Immer noch würde ich gerne einen solchen laufen. Aber die
biologische Uhr tickt unerbittlich und scheinbar auch immer
schneller. So ist mein Plan einfach nur immer wieder Mal einen
längeren Lauf einzubauen und dann zu sehen, wohin das führt. Mein
längster Lauf in diesem Jahr liegt bei fast knapp 26 Kilometer und
ich habe mich sehr darüber gefreut, als ich das geschafft habe. Es
gab für diesen Lauf nicht einmal eine entsprechende Vorgabe.
Durch
meine kleine Krankenhausgeschichte bringe ich den Dingen die mir
möglich sind und die mir gelingen eine größere Wertschätzung
entgegen. Jeder Lauf den ich machen kann hat seinen ganz speziellen
Wert. Höchstleistungen sind mir weder möglich noch sind sie
erforderlich.
Die
gesteigerte Wertschätzung betrifft selbstverständlich nicht nur das
Laufen. Essen und Trinken, ich habe es erfahren, sind etwas
unvergleichbar Kostbares. Und so hat die Unterbrechung meines
Täglichlaufen ungemein wichtige Dinge ins rechte Licht gerückt.
Was
das Laufen angeht, es findet bereits seit Montag seine Fortsetzung.
So einfach ist das.
2 Kommentare:
Hallo Dietmar,
im Leben ist alles wichtig. Und im Leben ist nichts wichtig. Für mich gibt es kein richtig oder falsch. Täglichlaufen ist lange nicht alles, aber ich möchte es nicht missen – zudem tangiert es die Gesundheit in mehr als positiver Weise. Auch für gesunden Sport gilt eine banale Binsenweisheit, man sollte nichts übertreiben. Denn alles was man übertreibt, wandelt sich in Traurigkeit – Dein Artikel im Stern ist ein gutes Beispiel dafür.

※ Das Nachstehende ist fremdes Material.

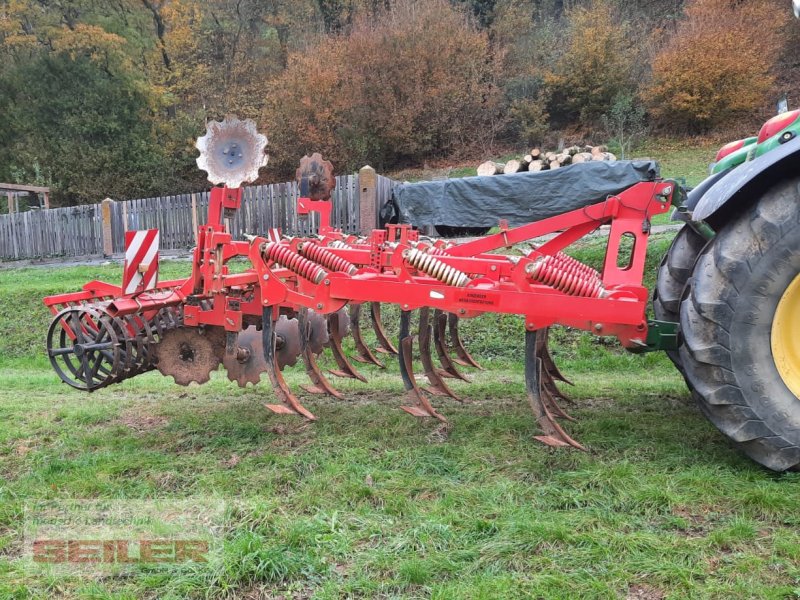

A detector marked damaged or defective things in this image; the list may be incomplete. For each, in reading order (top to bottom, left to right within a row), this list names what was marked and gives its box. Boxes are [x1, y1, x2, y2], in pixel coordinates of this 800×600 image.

rusty metal disc [296, 151, 334, 200]
rusty metal disc [155, 326, 222, 386]
rusty metal disc [222, 326, 268, 386]
rusty metal disc [308, 310, 330, 356]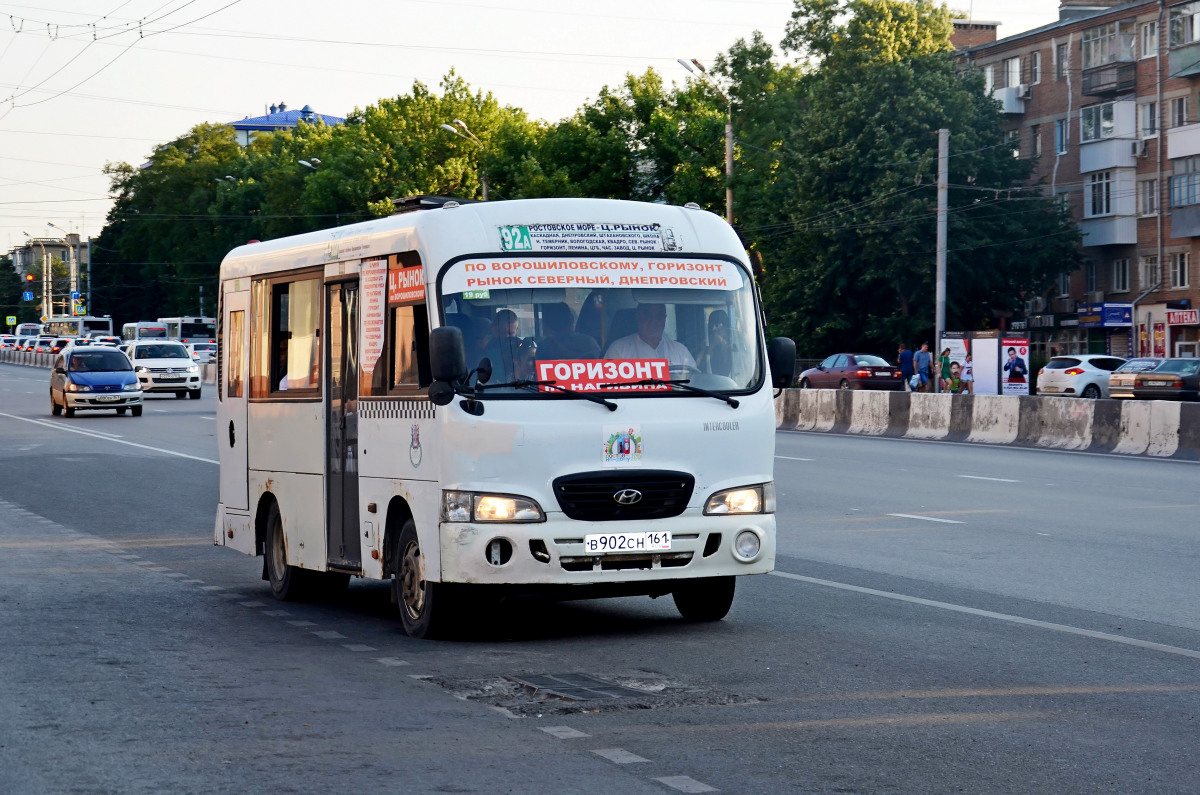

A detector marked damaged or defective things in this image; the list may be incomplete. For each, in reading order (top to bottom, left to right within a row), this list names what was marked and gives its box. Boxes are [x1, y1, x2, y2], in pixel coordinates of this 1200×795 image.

pothole in asphalt [424, 667, 758, 720]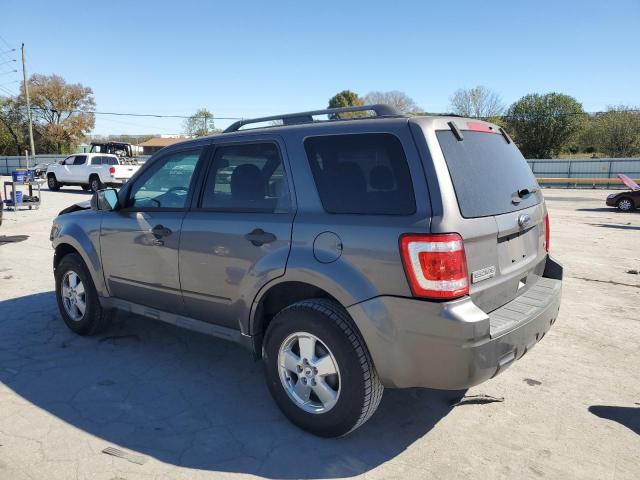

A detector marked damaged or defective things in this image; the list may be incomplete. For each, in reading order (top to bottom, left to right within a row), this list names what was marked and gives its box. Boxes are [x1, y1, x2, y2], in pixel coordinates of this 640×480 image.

cracked concrete [0, 182, 636, 478]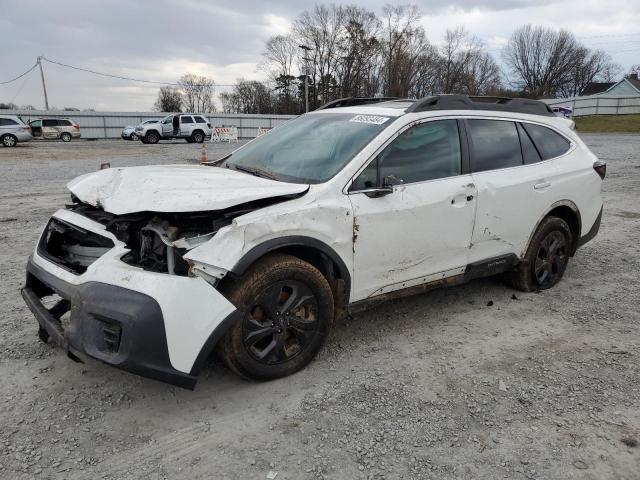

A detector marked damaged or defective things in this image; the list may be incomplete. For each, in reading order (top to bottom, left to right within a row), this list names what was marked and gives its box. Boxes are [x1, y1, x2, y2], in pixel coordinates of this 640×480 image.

crumpled hood [69, 165, 308, 214]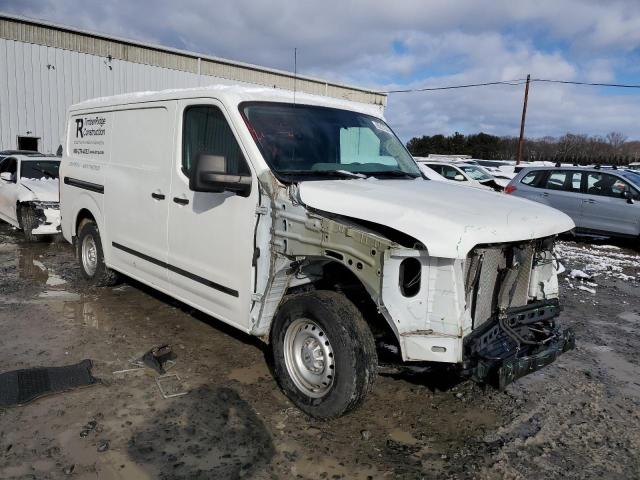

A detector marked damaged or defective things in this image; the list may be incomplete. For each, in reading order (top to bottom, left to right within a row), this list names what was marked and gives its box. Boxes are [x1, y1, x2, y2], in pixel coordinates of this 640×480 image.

white damaged suv [0, 156, 61, 242]
white damaged suv [62, 85, 576, 416]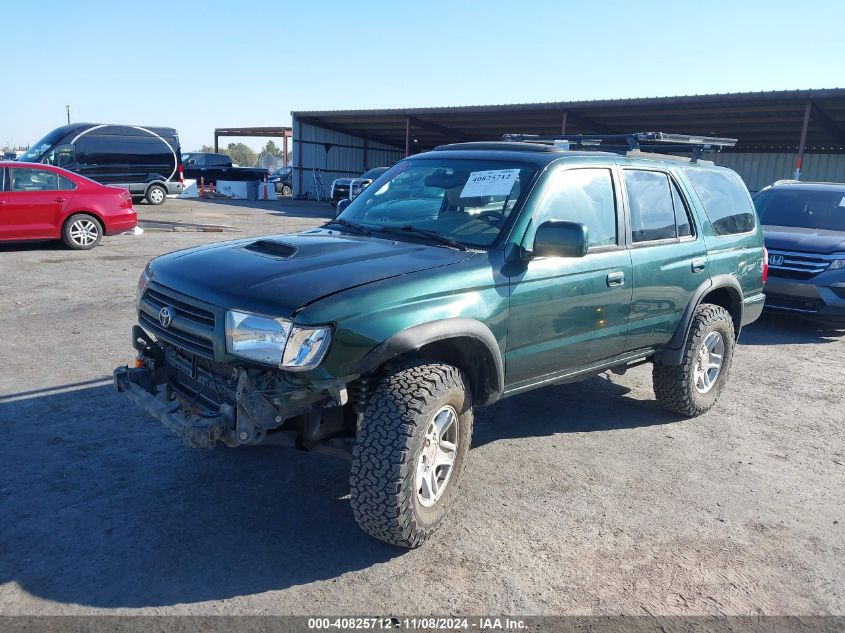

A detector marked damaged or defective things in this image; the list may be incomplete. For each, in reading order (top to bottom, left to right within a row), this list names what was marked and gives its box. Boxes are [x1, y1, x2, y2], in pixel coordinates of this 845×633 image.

Wie auch immer, jeder muß seinen Weg gehen und jeder sieht die Welt mit anderen Augen. Einst habe ich mich über Goldmedaillen gefreut und heute erkenne ich, was ich doch für ein Narr war, so ein albernes Metall wertzuschätzen. Heute freue ich mich über die einsamen Blumen am Rand des Weges, die sich im Wind biegen – das ist wirklich wichtig (für mich). Ich habe meinen Weg in der Natur gefunden und meine Jahre im Täglichlaufen geben mir recht.
Mögest Du Deinen eigenen Weg finden und gehen. Doch werde und bleibe gesund dabei – alles andere ist unwichtig.
Liebe Grüße,
Marcus
Danke lieber Marcus für die Darstellung Deiner Sicht. So ganz weit sind wir wohl nicht auseinander.